__PROVIDED RECORDS__.
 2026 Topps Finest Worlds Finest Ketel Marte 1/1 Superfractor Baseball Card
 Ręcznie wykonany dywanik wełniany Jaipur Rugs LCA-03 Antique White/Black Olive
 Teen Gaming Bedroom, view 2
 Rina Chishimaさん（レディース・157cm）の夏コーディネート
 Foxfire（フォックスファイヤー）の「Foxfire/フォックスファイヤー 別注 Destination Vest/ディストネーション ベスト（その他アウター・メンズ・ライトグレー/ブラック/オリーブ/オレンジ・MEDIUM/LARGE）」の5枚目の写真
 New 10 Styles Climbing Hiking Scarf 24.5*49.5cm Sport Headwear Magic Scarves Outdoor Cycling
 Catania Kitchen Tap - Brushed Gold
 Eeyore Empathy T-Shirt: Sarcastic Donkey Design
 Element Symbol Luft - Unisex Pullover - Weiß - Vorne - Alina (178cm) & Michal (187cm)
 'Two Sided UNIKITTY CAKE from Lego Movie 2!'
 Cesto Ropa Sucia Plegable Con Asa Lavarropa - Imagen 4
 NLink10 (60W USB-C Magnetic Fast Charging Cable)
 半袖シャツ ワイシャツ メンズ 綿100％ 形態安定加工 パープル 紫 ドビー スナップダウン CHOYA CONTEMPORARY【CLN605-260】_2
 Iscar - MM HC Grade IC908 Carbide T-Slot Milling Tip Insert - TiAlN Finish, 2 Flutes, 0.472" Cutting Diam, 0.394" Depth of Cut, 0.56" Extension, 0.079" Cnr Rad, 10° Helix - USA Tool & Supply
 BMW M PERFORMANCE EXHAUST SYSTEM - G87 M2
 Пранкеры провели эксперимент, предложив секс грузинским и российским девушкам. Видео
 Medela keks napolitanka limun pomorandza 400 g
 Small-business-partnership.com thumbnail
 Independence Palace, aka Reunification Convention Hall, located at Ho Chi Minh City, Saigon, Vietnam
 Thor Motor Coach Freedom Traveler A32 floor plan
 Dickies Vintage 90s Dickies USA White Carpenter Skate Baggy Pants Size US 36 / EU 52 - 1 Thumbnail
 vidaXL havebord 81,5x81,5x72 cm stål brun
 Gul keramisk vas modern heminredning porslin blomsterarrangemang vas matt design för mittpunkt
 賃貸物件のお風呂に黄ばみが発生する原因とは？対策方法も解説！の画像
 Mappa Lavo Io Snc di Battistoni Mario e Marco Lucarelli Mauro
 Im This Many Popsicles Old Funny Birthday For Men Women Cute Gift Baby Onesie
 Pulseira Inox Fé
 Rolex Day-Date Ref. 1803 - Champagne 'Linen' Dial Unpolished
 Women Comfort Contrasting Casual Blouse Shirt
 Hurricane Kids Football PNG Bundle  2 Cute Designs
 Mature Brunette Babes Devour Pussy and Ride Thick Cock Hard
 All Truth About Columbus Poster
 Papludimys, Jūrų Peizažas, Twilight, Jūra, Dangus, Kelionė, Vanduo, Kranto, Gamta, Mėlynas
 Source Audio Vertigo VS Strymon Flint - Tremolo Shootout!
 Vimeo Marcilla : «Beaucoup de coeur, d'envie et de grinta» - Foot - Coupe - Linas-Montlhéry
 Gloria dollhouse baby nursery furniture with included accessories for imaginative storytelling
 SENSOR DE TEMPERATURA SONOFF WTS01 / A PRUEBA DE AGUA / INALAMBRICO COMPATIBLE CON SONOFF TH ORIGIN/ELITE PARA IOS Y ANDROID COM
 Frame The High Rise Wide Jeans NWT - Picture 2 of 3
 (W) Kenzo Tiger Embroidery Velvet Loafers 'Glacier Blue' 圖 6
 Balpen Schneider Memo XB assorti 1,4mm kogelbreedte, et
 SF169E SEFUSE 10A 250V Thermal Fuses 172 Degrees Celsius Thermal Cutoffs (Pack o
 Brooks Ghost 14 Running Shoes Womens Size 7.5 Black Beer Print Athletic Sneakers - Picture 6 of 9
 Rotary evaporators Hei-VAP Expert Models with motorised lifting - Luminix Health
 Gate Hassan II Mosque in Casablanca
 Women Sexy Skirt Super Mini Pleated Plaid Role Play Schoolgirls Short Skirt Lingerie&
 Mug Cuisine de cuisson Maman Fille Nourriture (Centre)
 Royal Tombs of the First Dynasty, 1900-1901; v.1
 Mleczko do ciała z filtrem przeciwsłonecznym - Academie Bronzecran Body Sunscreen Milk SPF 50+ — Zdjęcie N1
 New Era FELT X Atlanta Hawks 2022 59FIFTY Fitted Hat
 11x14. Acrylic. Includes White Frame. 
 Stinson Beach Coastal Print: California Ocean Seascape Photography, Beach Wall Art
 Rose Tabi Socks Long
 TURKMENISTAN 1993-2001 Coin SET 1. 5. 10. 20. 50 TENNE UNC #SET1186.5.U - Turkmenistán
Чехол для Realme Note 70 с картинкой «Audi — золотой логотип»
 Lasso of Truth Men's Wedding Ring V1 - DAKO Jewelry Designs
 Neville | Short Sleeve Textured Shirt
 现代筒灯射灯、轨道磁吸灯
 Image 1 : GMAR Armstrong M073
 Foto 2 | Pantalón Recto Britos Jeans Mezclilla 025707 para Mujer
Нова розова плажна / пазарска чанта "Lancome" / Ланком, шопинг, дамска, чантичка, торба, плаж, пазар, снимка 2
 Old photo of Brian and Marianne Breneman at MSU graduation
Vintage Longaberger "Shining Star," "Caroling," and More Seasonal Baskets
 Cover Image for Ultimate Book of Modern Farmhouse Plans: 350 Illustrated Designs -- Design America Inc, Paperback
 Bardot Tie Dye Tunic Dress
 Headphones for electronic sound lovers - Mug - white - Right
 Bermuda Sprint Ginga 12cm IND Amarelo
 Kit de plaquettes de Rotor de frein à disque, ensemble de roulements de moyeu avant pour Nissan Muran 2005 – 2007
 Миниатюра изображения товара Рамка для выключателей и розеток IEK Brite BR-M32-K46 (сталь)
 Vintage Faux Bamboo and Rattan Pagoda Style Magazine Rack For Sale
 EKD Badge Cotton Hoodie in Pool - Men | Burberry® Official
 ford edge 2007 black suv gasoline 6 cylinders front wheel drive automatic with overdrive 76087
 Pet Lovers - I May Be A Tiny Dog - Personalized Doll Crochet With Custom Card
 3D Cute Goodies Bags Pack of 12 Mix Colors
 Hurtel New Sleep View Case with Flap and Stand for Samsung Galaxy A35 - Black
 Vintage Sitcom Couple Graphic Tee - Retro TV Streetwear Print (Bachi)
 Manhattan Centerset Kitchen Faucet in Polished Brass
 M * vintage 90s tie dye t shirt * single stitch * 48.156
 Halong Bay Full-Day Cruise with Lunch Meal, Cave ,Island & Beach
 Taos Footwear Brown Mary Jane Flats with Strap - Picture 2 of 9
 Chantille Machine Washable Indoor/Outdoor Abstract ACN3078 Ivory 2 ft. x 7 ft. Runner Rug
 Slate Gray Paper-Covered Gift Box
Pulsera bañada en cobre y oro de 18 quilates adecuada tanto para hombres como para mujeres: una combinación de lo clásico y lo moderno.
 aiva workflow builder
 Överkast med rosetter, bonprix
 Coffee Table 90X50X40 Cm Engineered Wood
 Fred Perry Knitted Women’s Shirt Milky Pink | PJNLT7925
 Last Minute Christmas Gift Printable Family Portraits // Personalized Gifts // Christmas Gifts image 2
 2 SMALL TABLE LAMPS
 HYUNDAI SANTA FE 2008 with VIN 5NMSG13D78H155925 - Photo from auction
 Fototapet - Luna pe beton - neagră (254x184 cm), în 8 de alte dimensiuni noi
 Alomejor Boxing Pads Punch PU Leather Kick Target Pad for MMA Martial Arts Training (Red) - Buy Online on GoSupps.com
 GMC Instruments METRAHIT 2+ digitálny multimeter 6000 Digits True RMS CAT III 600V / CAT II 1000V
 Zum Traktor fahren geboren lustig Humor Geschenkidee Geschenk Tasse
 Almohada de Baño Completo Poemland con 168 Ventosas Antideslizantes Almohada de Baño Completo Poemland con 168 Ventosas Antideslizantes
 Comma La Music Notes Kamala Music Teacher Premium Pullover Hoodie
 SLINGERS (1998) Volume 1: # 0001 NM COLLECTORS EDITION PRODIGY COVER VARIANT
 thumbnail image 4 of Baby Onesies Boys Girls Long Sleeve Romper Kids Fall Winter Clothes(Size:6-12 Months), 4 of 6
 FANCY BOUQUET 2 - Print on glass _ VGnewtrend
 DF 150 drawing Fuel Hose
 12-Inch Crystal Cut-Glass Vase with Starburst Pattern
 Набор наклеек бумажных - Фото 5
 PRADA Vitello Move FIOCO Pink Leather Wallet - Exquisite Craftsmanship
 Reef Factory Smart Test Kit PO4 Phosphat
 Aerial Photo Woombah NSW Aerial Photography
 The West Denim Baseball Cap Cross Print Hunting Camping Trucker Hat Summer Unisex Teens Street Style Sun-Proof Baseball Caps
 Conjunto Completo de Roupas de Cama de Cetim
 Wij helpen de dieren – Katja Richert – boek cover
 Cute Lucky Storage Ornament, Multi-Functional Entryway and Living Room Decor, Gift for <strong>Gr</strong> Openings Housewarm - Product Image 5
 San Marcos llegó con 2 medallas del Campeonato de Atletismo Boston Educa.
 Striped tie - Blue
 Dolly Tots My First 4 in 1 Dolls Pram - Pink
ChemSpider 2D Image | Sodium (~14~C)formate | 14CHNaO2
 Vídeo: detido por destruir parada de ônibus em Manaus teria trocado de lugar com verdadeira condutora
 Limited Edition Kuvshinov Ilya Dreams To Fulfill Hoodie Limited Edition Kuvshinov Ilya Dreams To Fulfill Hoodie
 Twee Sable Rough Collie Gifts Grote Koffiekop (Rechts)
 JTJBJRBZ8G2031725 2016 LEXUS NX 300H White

__ACTIVITY__.
Go through the entries above and report each line with the string "Designs" in it.

__RESULT OF THE EXERCISE__.
 Hurricane Kids Football PNG Bundle  2 Cute Designs
 Lasso of Truth Men's Wedding Ring V1 - DAKO Jewelry Designs
 Cover Image for Ultimate Book of Modern Farmhouse Plans: 350 Illustrated Designs -- Design America Inc, Paperback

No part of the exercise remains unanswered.